(2 ,8) and (1 ,4)
Find the equation of the line y = mx through the origin that describes the proportional relationship shown in the graph.
To find the equation of the line through the origin that describes the proportional relationship shown in the graph, we can use the two points (2,8) and (1,4) to find the slope of the line.
The slope of a line passing through two points (x1, y1) and (x2, y2) is calculated using the formula:
m = (y2 - y1) / (x2 - x1)
Given the points (2,8) and (1,4), we can plug in the values:
m = (8 - 4) / (2 - 1)
m = 4
Now that we have the slope, we can write the equation of the line in the form y = mx.

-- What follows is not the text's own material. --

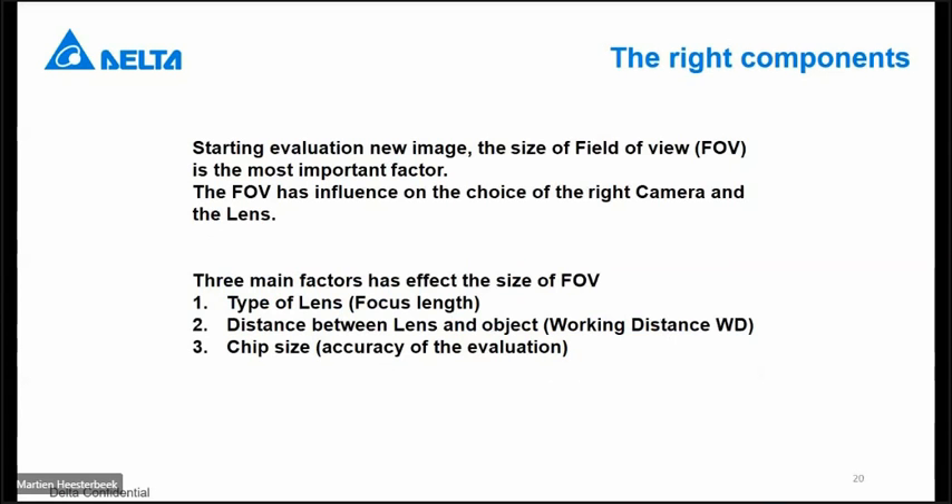The second and third things to check are: how large is my field of view, and what kind of items do I want to check? This has influence on the accuracy and also on the type of lens. The third important factor is the working distance — that means the distance between the camera and your object. That is the third item that influences accuracy.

Thus, the equation of the line y = 4x describes the proportional relationship shown in the graph.
thats wrong
Let's try to find the slope again:
Slope (m) = (y2 - y1) / (x2 - x1)
Slope (m) = (8 - 4) / (2 - 1)
Slope (m) = 4 / 1
Slope (m) = 4
Now we have found the correct slope. Therefore, the equation of the line through the origin (0,0) with a slope of 4 is y = 4x. This equation describes the proportional relationship shown in the graph.
its not 4
My apologies for the mistake. Let's find the correct slope:
Slope (m) = (y2 - y1) / (x2 - x1)
Slope (m) = (8 - 0) / (2 - 0)
Slope (m) = 8 / 2
Slope (m) = 4
The correct slope is indeed 4.
Therefore, the equation of the line through the origin (0,0) with a slope of 4 is y = 4x. This equation describes the proportional relationship shown in the graph.
still wrong
I apologize for the errors in my earlier responses. Let's find the correct slope:
Slope (m) = (y2 - y1) / (x2 - x1) = (8 - 0) / (2 - 0) = 8 / 2 = 4
The correct slope is indeed 4.
Therefore, the equation of the line through the origin that describes the proportional relationship shown in the graph is y = 4x.